Sean KellyJan. 22, 2018 — It’s no news to anyone that the rise of partisanship in the U.S. Congress is impeding lawmakers’ ability to function — sometimes to the point of paralysis.

“The nearly constant threat of government shutdowns is a direct result of partisanship,” said CSU Channel Islands (CSUCI) Professor of Political Science Sean Kelly, Ph.D. “The failure to appropriate in a timely manner prevents Congress from thoroughly exercising its constitutional power to prioritize and oversee government spending.”

Kelly will be researching partisanship and other influences on the congressional appropriations process as the recipient of the 2018 Arlen Specter Center Research Fellowship, which is described on the center’s website as “competitive.”

The Specter fellowship supports Kelly’s research into how Republican Senator Arlen Specter of Pennsylvania used the appropriations process to promote his positions on social policy and for cutting edge medical research.

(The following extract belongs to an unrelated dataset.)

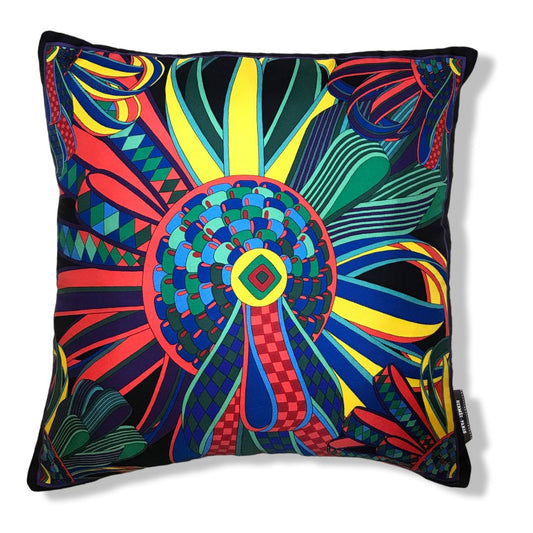 Vintage Hermes Pillow Les Flots du Cheval Vintage Silk Scarf Pillow 17" at Vintage Luxe Up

Specter was a big supporter of the National Institutes of Health (NIH) and their research into diseases such as Parkinson’s Disease, Alzheimer’s Disease and cancer. Many of these lines of research ran afoul of conservative social policies at the time.

“He was a man caught between enlightenment values — scientific values — and conservative social policies,” Kelly said. “What I want to know is how he was able to achieve his policy interests in a political atmosphere that was increasingly turning against his point of view.”

The conflict, combined with an increasingly conservative Pennsylvania Republican electorate, ultimately caused Specter to change parties and become a Democrat, another move that interests Kelly as a political scientist.

Specter was elected to the US Senate in 1981 and stayed in office until 2010. Throughout his career, Specter served on the powerful Senate Appropriations Committee, serving as the chair or ranking Republican on the Labor, Health and Human Services subcommittee for 20 years.

Sponsored by the Arlen Specter Center of Thomas Jefferson University in Philadelphia, in conjunction with the University of Pittsburgh, the award allows Kelly to conduct research in the office records of Senator Specter. The collection contains Specter’s extensive papers, audiovisuals, photographs and memorabilia documenting his 30-year Senatorial career. 

Kelly will then present his research at the Arlen Specter Center for Public Service in Philadelphia later this year.

Professor of Political Science Professor Doug Harris of Loyola University in Maryland believes Kelly’s project “promises to break new ground in our understandings of contemporary congressional research.”

“His research will reveal important new empirical findings, shedding new light on the evolution of the appropriations process in the Senate,” Harris said.

Kelly hopes his research will underscore what he sees as an essential connection between the social and natural sciences. In other words, social policy and scientific research can coexist.

“They do not exist in isolation from each another, but they shape each other in very fundamental ways that determine the future scientific and economic success of our country.”